Dans les Yvelines, la mosquée visée est celle dite d’Ecquevilly. Il lui est notamment reproché les prêches radicaux de son imam, dont les conférences sur Internet sont très suivies, en particulier sur un site appelé La Voie Droite, vecteur important de diffusion de l’islam radical en français. Il aurait notamment légitimé, fin novembre 2015, les attentats de Paris. Si depuis, son discours se serait aussi assagi, il lui est reproché de continuer à rejeter l’autorité de l’Etat, légitimer la mise en place d’un gouvernement musulman et appeler à la discrimination et à la haine contre juifs et chrétiens. A l’image des nombreux ouvrages de la bibliothèque de la mosquée que seraient encouragés à lire les fidèles. Une littérature où est notamment cautionnée la violence physique sur les femmes désobéissantes, ainsi que la mise à mort des apostats et des personnes ayant eu des relations sexuelles hors mariage.

Là encore, une école coranique non déclarée a été découverte au sein de la mosquée. Plusieurs incidents ont été rapportés par les enseignants des écoles primaires d’Ecquevilly. Des enfants suivant les cours de cette mosquée qui avaient refusé des activités comme la musique, le chant ou les jeux et s’en étaient pris à leurs camarades plus modérés.
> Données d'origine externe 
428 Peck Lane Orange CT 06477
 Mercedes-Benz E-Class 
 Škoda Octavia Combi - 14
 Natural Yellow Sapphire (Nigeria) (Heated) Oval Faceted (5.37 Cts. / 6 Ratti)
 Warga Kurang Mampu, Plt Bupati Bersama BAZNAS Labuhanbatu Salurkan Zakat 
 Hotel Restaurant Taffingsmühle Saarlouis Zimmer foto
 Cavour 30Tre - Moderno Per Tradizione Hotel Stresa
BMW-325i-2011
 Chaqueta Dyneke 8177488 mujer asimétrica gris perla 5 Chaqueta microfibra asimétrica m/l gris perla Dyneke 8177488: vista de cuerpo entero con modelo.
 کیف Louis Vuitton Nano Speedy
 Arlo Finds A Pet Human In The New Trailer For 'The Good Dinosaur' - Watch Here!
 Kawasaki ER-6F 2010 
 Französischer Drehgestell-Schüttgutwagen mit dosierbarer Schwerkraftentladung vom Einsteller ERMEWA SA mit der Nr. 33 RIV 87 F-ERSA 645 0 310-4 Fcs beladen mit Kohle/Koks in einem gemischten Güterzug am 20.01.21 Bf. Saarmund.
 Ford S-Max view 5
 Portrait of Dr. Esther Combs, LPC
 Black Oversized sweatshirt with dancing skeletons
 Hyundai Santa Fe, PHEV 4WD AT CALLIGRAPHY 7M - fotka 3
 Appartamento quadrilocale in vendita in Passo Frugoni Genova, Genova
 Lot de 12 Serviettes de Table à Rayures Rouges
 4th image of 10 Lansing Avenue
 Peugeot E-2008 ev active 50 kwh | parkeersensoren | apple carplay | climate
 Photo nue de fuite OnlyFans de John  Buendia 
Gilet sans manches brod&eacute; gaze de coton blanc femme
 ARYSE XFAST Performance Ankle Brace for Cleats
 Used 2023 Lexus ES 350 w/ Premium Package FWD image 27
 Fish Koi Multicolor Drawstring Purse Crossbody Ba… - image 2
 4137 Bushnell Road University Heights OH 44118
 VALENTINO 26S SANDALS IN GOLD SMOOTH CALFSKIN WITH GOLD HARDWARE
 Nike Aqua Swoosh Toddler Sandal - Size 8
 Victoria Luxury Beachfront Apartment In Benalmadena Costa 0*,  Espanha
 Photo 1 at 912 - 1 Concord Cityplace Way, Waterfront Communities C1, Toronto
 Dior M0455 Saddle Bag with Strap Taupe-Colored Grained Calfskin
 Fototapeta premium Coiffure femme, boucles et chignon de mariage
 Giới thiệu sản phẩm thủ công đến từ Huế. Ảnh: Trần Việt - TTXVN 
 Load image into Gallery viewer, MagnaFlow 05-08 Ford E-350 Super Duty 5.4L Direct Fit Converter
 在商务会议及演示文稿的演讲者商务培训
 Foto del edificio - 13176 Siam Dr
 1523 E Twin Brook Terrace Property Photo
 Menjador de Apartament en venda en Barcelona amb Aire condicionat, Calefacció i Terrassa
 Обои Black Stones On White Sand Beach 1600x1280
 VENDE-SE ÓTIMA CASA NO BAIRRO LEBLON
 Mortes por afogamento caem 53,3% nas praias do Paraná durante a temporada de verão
En Seine-Saint-Denis, deux mosquées sont aujourd’hui visées : une à Clichy-sous-Bois, une autre à Stains. Leur profil est similaire à celles de d’Ecquevilly et de Villiers-sur-Marne, l’école coranique en moins. A Clichy-sous-Bois, une perquisition menée en septembre dans la partie privative du pavillon qui accueille la mosquée et dont est propriétaire le gestionnaire du lieu de culte, a permis aussi la découverte d’une arme vieille de trente ans, usagée mais fonctionnelle, et d’une grenade à plâtre, selon la préfecture. Enfin, celle de Stains était le lieu de prière des frères Clain, les voix de la revendication des attentats du 13 novembre.